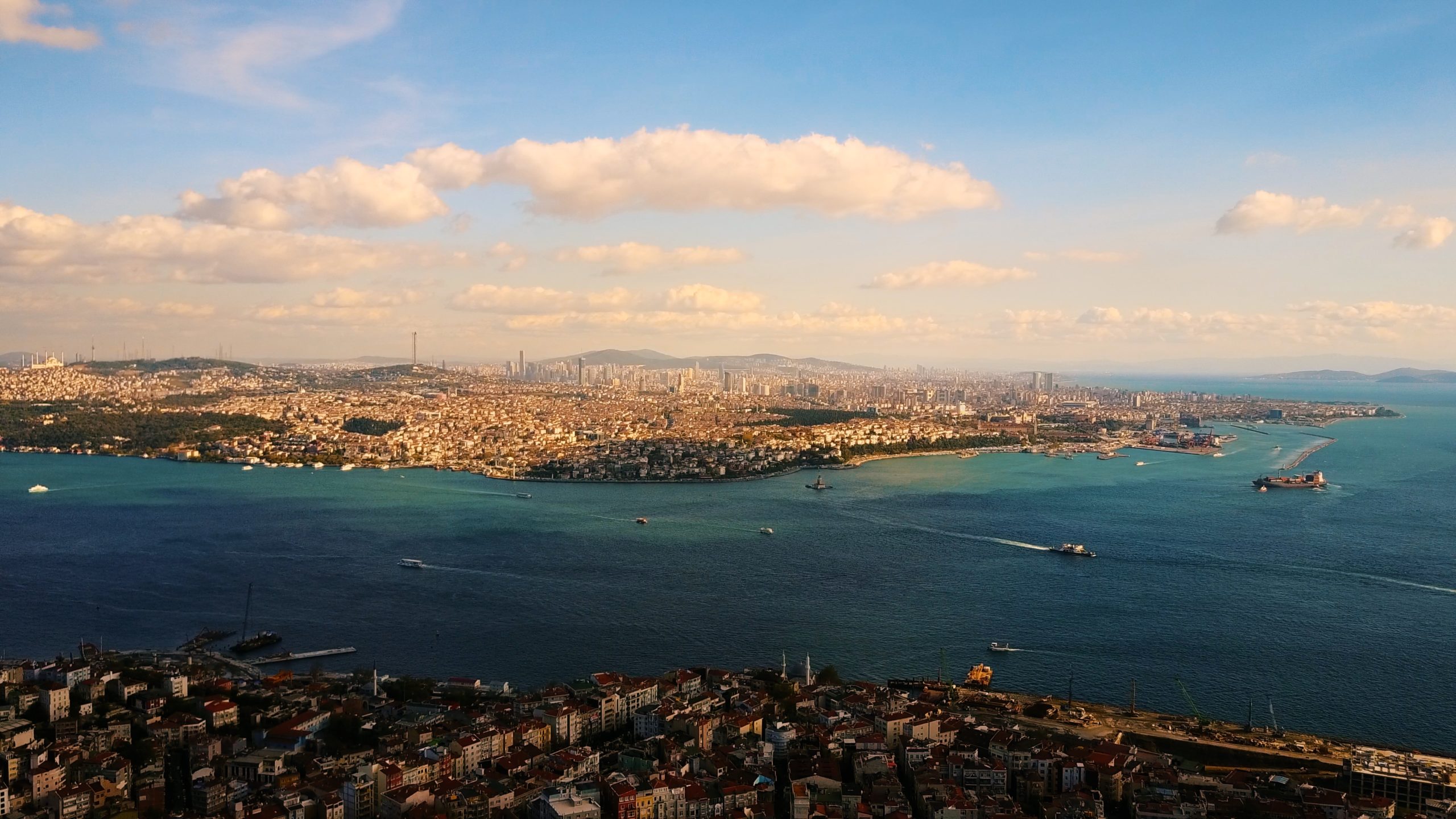 istanbul bosphorus from bird s eye view scaled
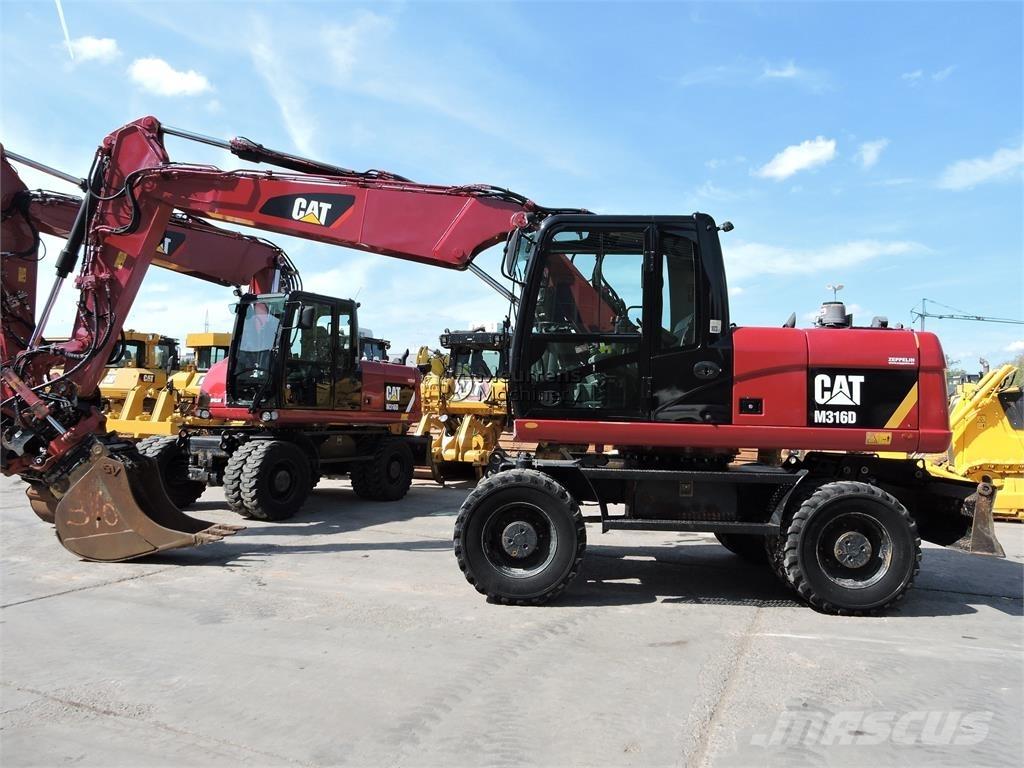 CAT M316D ROTOTILT Колісні екскаватори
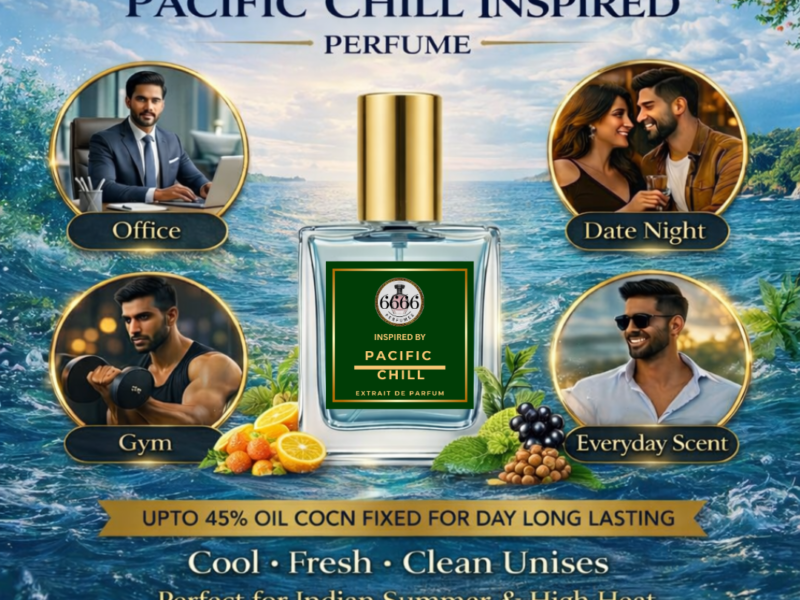 Best occasions to wear Pacific Chill inspired perfume including office gym date night and everyday use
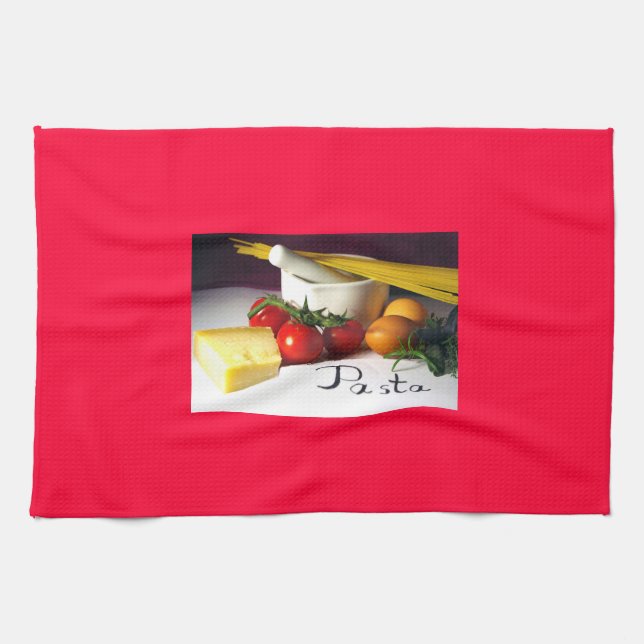 Kitchen towel in red geschirrtuch (Horizontal)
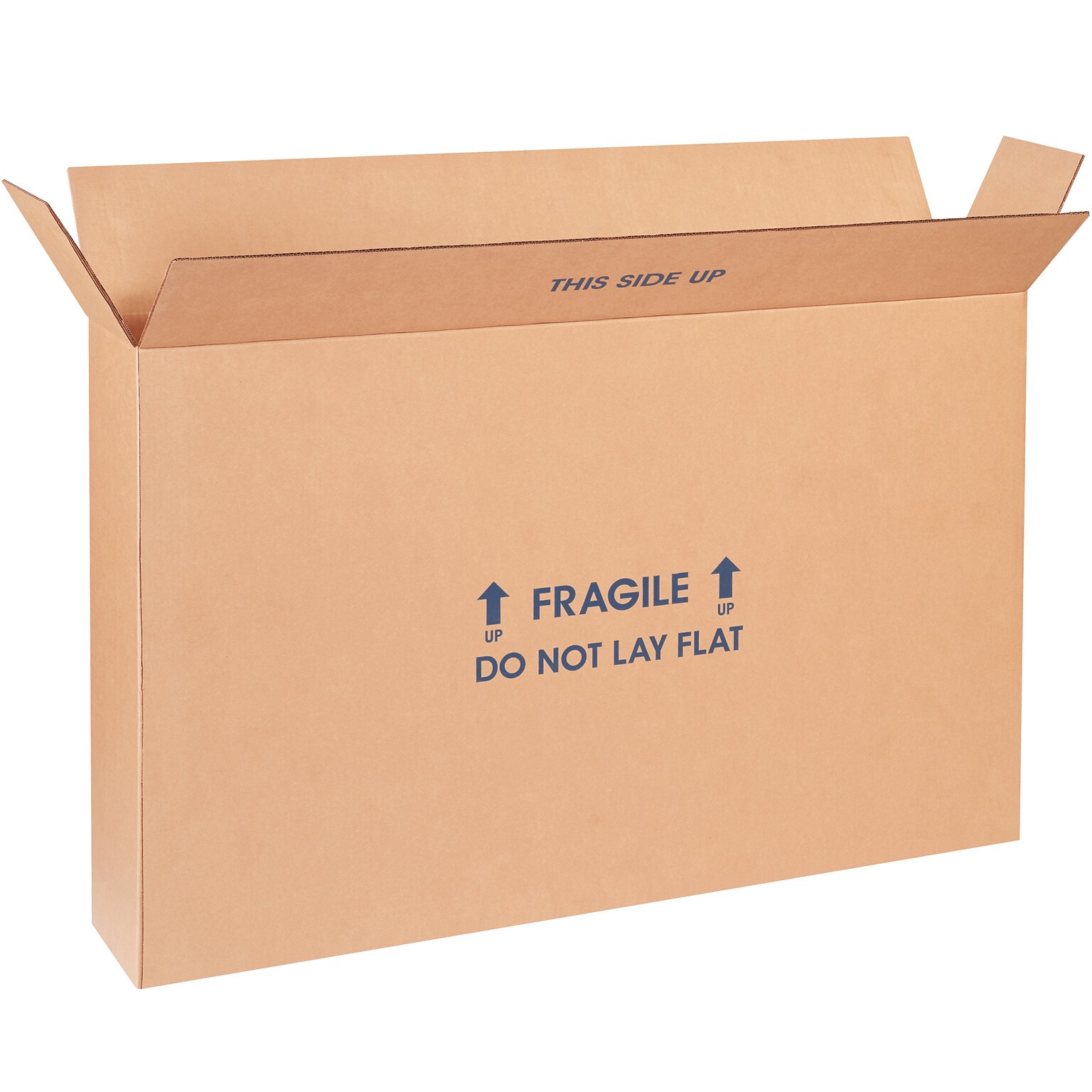 Quill Brand 22 x 16 x 6 TV Moving Boxes, Kraft, 5/Bundle (22616FPFOL)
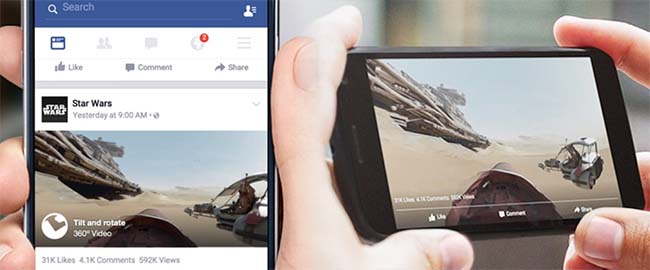 Facebook Video support for 360 degree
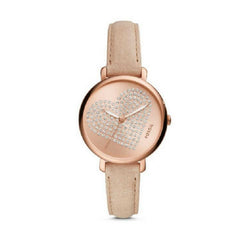 Fossil Es4376 Jacqueline Pastel Pink Rose Gold Leather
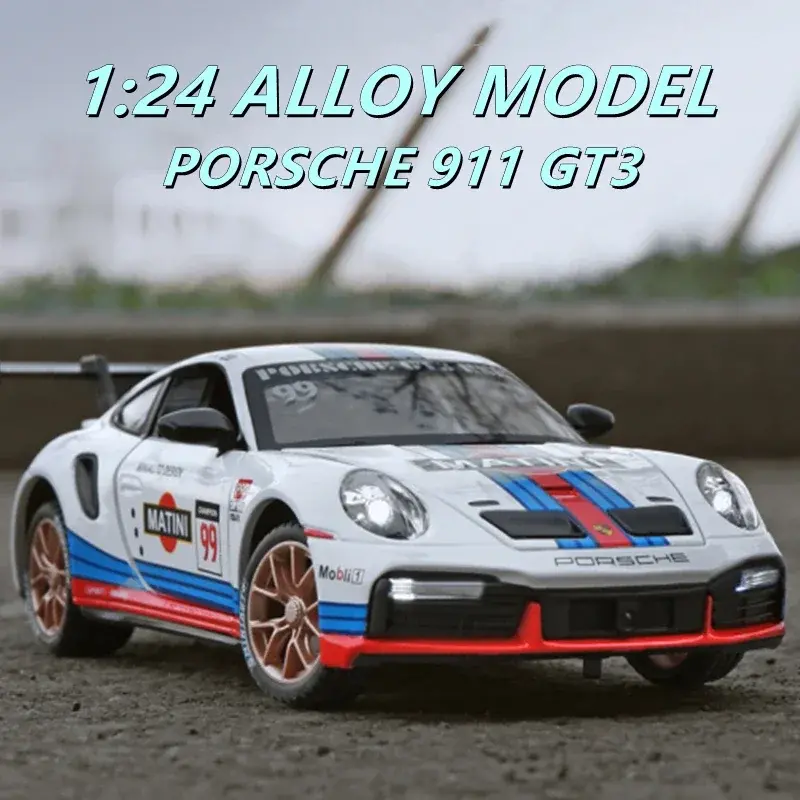Carro Colecionável Porsche 911 Gt3 Escala 1:32 1
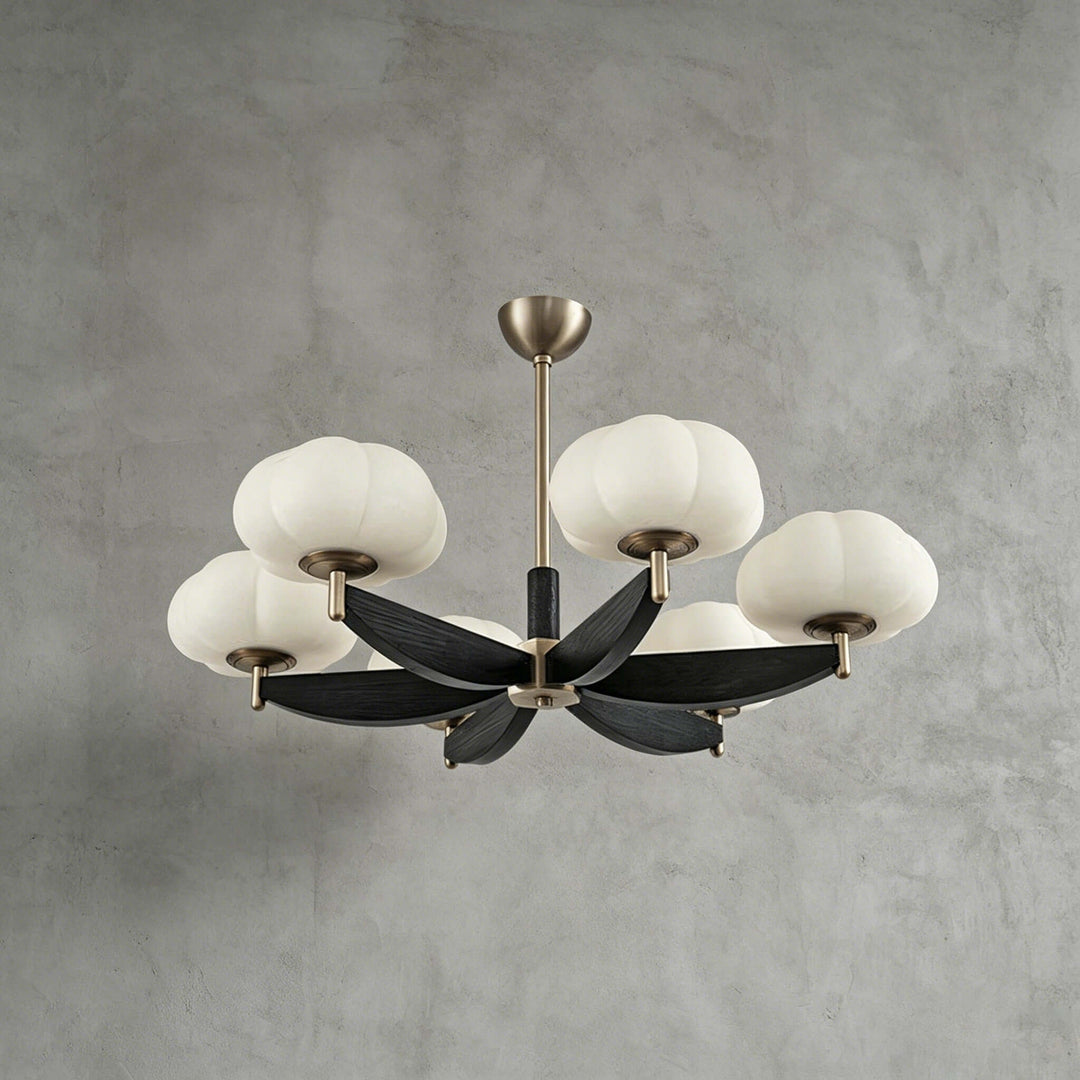 Elowra Retro Wooden Chandelier for Dining and Living Rooms | Vinlighting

::::

* [Brief]:
Every line above is to be duplicated exactly; no picture should be carried over.

* [Written answer]:
 istanbul bosphorus from bird s eye view scaled
 CAT M316D ROTOTILT Колісні екскаватори
 Best occasions to wear Pacific Chill inspired perfume including office gym date night and everyday use
 Kitchen towel in red geschirrtuch (Horizontal)
 Quill Brand 22 x 16 x 6 TV Moving Boxes, Kraft, 5/Bundle (22616FPFOL)
 Facebook Video support for 360 degree
 Fossil Es4376 Jacqueline Pastel Pink Rose Gold Leather
Carro Colecionável Porsche 911 Gt3 Escala 1:32 1
 Elowra Retro Wooden Chandelier for Dining and Living Rooms | Vinlighting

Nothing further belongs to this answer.